Work instructions:
In full and without alteration, write out the data below.

Short descriptive text snippets:
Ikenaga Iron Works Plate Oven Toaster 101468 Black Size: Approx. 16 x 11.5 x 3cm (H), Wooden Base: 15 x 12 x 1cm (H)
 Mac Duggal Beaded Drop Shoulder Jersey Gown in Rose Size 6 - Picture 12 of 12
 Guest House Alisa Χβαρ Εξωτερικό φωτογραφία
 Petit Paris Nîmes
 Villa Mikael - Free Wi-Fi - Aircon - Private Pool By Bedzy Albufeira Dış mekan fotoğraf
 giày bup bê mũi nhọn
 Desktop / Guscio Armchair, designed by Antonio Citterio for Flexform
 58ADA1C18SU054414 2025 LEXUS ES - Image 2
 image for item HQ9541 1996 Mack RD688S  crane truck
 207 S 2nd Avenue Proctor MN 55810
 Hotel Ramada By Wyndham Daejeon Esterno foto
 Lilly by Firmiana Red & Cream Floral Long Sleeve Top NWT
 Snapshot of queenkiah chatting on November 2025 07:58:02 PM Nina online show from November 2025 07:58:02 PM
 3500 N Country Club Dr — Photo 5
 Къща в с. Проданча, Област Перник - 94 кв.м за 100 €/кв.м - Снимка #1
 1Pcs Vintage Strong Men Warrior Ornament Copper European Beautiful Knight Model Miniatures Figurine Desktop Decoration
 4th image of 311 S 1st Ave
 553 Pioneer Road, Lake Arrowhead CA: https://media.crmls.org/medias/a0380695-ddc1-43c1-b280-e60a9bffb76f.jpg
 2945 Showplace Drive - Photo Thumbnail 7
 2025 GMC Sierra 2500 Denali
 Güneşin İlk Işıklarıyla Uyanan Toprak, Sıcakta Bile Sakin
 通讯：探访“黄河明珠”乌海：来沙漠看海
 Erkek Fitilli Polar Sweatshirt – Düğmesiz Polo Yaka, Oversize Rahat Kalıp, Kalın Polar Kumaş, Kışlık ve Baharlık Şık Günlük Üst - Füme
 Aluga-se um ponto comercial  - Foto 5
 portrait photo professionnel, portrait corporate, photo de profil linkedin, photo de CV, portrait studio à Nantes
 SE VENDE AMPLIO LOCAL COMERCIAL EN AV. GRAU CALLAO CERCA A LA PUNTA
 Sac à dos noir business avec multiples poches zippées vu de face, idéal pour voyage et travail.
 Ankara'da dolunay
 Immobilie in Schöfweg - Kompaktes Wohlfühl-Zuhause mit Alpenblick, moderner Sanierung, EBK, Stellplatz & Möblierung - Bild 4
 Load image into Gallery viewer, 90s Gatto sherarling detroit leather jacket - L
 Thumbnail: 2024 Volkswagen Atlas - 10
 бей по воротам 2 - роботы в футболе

Exercise solution:
Ikenaga Iron Works Plate Oven Toaster 101468 Black Size: Approx. 16 x 11.5 x 3cm (H), Wooden Base: 15 x 12 x 1cm (H)
 Mac Duggal Beaded Drop Shoulder Jersey Gown in Rose Size 6 - Picture 12 of 12
 Guest House Alisa Χβαρ Εξωτερικό φωτογραφία
 Petit Paris Nîmes
 Villa Mikael - Free Wi-Fi - Aircon - Private Pool By Bedzy Albufeira Dış mekan fotoğraf
 giày bup bê mũi nhọn
 Desktop / Guscio Armchair, designed by Antonio Citterio for Flexform
 58ADA1C18SU054414 2025 LEXUS ES - Image 2
 image for item HQ9541 1996 Mack RD688S  crane truck
 207 S 2nd Avenue Proctor MN 55810
 Hotel Ramada By Wyndham Daejeon Esterno foto
 Lilly by Firmiana Red & Cream Floral Long Sleeve Top NWT
 Snapshot of queenkiah chatting on November 2025 07:58:02 PM Nina online show from November 2025 07:58:02 PM
 3500 N Country Club Dr — Photo 5
 Къща в с. Проданча, Област Перник - 94 кв.м за 100 €/кв.м - Снимка #1
 1Pcs Vintage Strong Men Warrior Ornament Copper European Beautiful Knight Model Miniatures Figurine Desktop Decoration
 4th image of 311 S 1st Ave
 553 Pioneer Road, Lake Arrowhead CA: https://media.crmls.org/medias/a0380695-ddc1-43c1-b280-e60a9bffb76f.jpg
 2945 Showplace Drive - Photo Thumbnail 7
 2025 GMC Sierra 2500 Denali
 Güneşin İlk Işıklarıyla Uyanan Toprak, Sıcakta Bile Sakin
 通讯：探访“黄河明珠”乌海：来沙漠看海
 Erkek Fitilli Polar Sweatshirt – Düğmesiz Polo Yaka, Oversize Rahat Kalıp, Kalın Polar Kumaş, Kışlık ve Baharlık Şık Günlük Üst - Füme
 Aluga-se um ponto comercial  - Foto 5
 portrait photo professionnel, portrait corporate, photo de profil linkedin, photo de CV, portrait studio à Nantes
 SE VENDE AMPLIO LOCAL COMERCIAL EN AV. GRAU CALLAO CERCA A LA PUNTA
 Sac à dos noir business avec multiples poches zippées vu de face, idéal pour voyage et travail.
 Ankara'da dolunay
 Immobilie in Schöfweg - Kompaktes Wohlfühl-Zuhause mit Alpenblick, moderner Sanierung, EBK, Stellplatz & Möblierung - Bild 4
 Load image into Gallery viewer, 90s Gatto sherarling detroit leather jacket - L
 Thumbnail: 2024 Volkswagen Atlas - 10
 бей по воротам 2 - роботы в футболе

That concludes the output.